These formulae are developed the basis of finite difference operators. The differencs table is prepared for all the values in the available function. In general, each element in th difference table which is in the i^th row and j^th column is estimated as

element [i, j] = element [i + 1, j - 1] - element [i, j - 1]

To serve the various objectives, hese elements are known by different names as
1. Forward difference (Δ)
2. Backward difference (∇)

Also, the tables showing these differences are presented in different ways

1. Forward difference table (Δ):

$$ \begin{array}{|c|c|c|c|c|} \hline \ X & Y & \Delta^1 & \Delta^2 & \Delta^3 \[4px] \hline \ x_1 & y_1 & \Delta^1_1 = y_2 - y_1 & \Delta_1^2 = \Delta_2 - \Delta_1 & \Delta_1^3 = \Delta_2^2 - \Delta_1^2 \[4px] \hline \ x_2 & y_2 & \Delta^1_2 = y_3 - y_2 & \Delta_2^2 = Δ_3 - \Delta_2 & \[4px] \hline \ x_3 & y_3 & \Delta^1_3 = y_4 - y_3 & & \[4px] \hline \ x_4 & y_4 & & & \[4px] \hline \ \vdots & \vdots & & & \ \hline \end{array} $$

2. Backward difference table (∇):

$$ \begin{array}{|c|c|c|c|c|} \hline \ X & Y & \nabla^1 & \nabla^2 & \nabla^3 \[4px] \hline \ x_1 & y_1 & & & \[4px] \hline \ x_2 & y_2 & \nabla^1_2 = y_2 - y_1 & & \[4px] \hline \ x_3 & y_3 & \nabla^1_3 = y_3 - y_2 & \nabla_3^2 = \nabla_3 - \nabla_2 & \[4px] \hline \ x_4 & y_4 & \nabla^1_4 = y_4 - y_3 & \nabla_4^2 = \nabla_4 - \nabla_3 & \nabla_4^3 = \nabla_4^2 - \nabla_3^2 \[4px]

\hline \end{array} $$

1. Forward Difference Interpolation :

This method is used for interpolation near the BEGINNING of the tabular data.

Necessary Conditions : Available data must be at equal intervals of x.

Let the 'x interval be 'h'

$$ h = x_2 - x_1 = x_3 - x_2 \ \ etc. $$

Then the interpolating formula is,

$$ y = y_1 + \frac{\Delta_1 (x - x_1)}{h} + \frac{\Delta_1^2(x - x_1)(x - x_2)}{2!h^2} + \frac{\Delta_1^3(x - x_1)(x - x_2)(x - x_3)}{3!h^3} + ... \qquad \qquad ...equ(1) $$

Direct interpolating Formula :

 When we want to carry out the interpolation directly without obtaining the polynomial then the use of above formula becomes very laborious.
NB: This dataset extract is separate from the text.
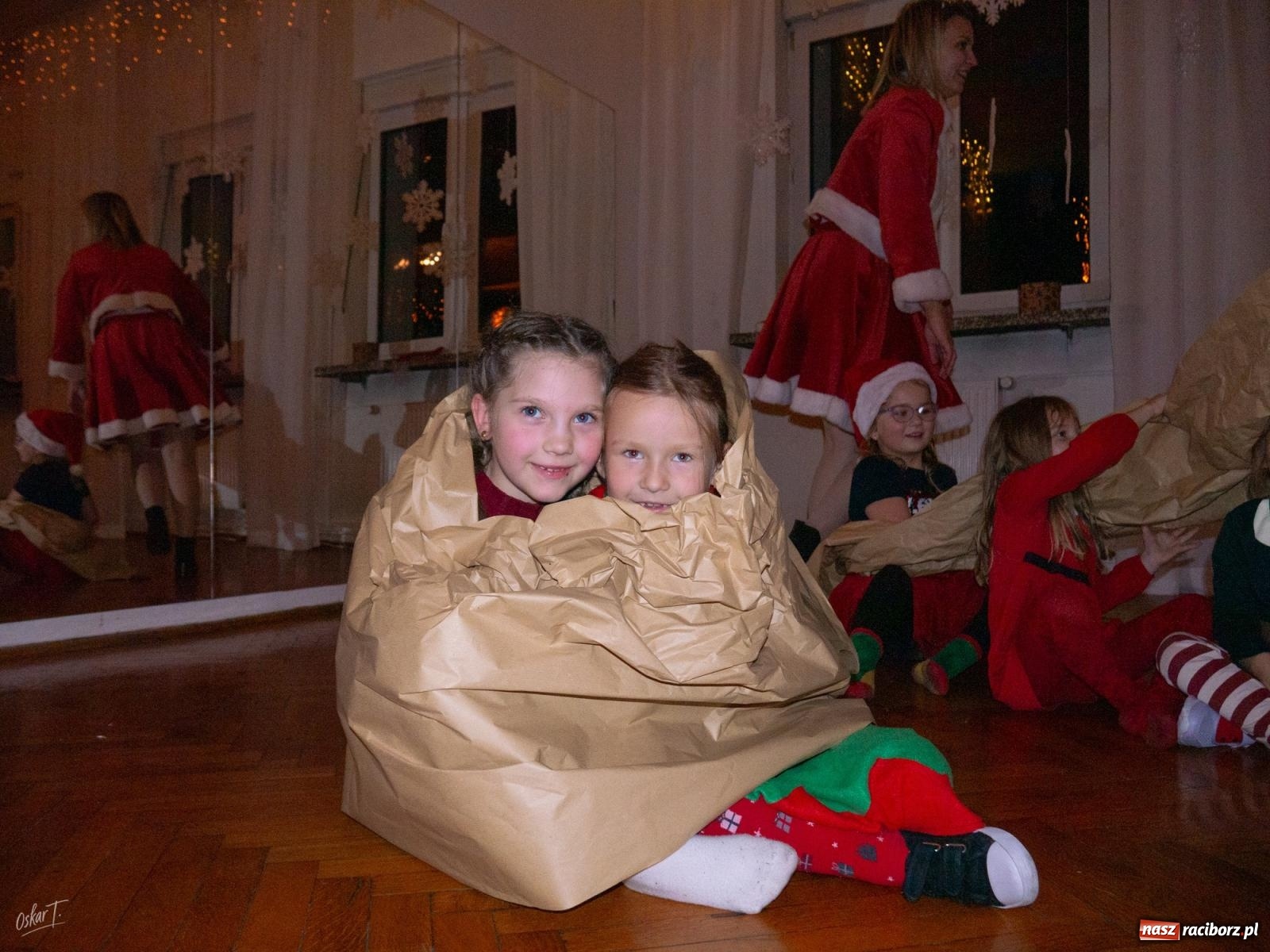 Zdjęcie w galerii na portalu naszraciborz.pl: Mikołajki w Nędzy pełne magii i świątecznej radości [FOTO] wiadomości z regionu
In order to simplify the procedure and calculations, the above formula is expressed in other form as follows,

Let

$$ x = x_1 + uh $$

Then

$$ u = \frac{x - x_1}{h} $$

The forward difference formula is

$$ y = y_1 + \frac{\Delta_1(x-x_1)}{h} + \frac{\Delta_1^2(x-x_1)(x-x_2)}{2!h^2} + \frac{\Delta_1^3(x-x_1)(x-x_2)(x-x_3)}{3!h^3} + ... $$

In terms of 'u', we get

Term Ⅰ :

$$ \frac{\Delta_1(x-x_1)}{h} = \Delta_1u $$

Term ⅠⅠ :

$$ \frac{\Delta_1^2(x-x_1)(x-x_2)}{2!h^2} = \frac{\Delta_1^2}{2!}× \frac{(x-x_1)(x-x_1 + x_1 - x_2)}{h^2} $$

$$ = \frac{\Delta_1^2}{2!} × \frac{(x-x_1)}{h} × \left(\frac{(x-x_1)}{h} - \frac{(x_2-x_1)}{h} \right) $$

$$ = \frac{\Delta_1^2}{2!} × u(u-1) $$

Similarly, we can get all the terms in 'u'. Now the formula reduces to

$$ y = y_1 + u\Delta_1 + \frac{u(u-1)\Delta_1^2}{2!} + \frac{u(u-1)(u-2)\Delta_1^3}{3!} + ....... \qquad \qquad ...equ(2) $$

2. backward Difference Interpolation :

This method is used for interpolation near the END of the tabular data.

Necessary Condition : Available data must be at equal intervals of x.

Formula :

$$ y = y_4 + \frac{\nabla_4^1(x - x_4)}{h} + \frac{\nabla_4^2(x-x_4)(x-x_3)}{2!h^2} + \frac{\nabla_4^3(x-x_4)(x-x_3)(x-x_2)}{3!h^3} \qquad \qquad ...equ(3) $$

  Similar to that in Forward difference method, the above formula is useful to obtain the polynomial between x and y. While in order to perform the interpolation directly, the expression in terms of 'u' makes the work simple.

Let

$$ u = \frac{x-x_4}{h} $$

then the formula in terms of 'u' becomes

$$ y = y_4 + u\nabla_4^1 + \frac{u(u+1)\nabla_4^2}{2!} + \frac{u(u+1)(u+2)\nabla_4^3}{3!} \qquad \qquad ...equ(4) $$